+++ Input data
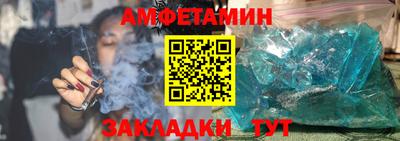 героин Гагарин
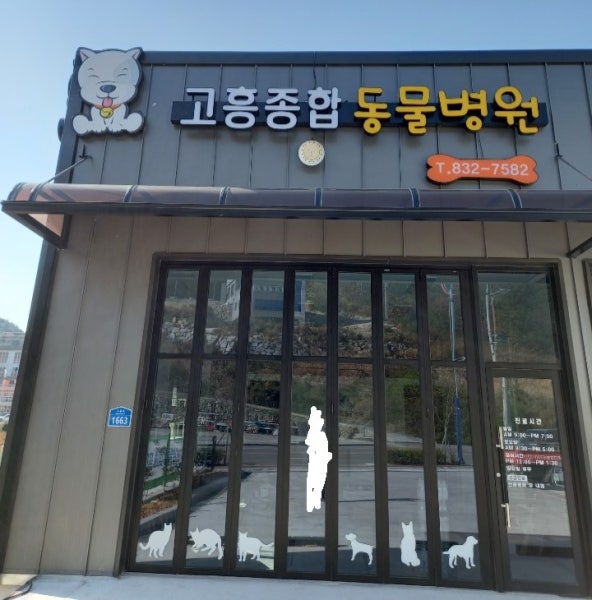 고흥종합병원 시설 사진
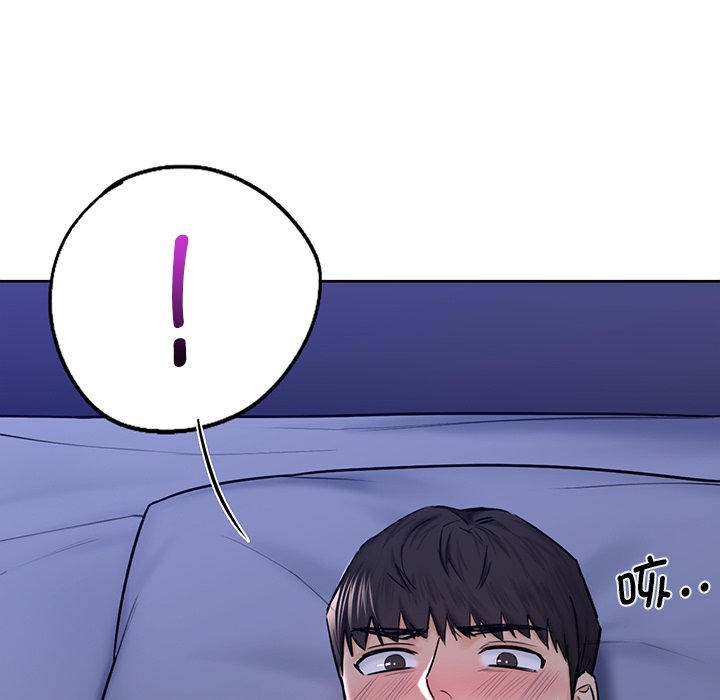 第16话-不当朋友当恋人-baepero（第5张）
++++++
**Task details**: Repeat the material above verbatim. Leave the pictures behind.

**Expected answer**:
 героин Гагарин
 고흥종합병원 시설 사진
 第16话-不当朋友当恋人-baepero（第5张）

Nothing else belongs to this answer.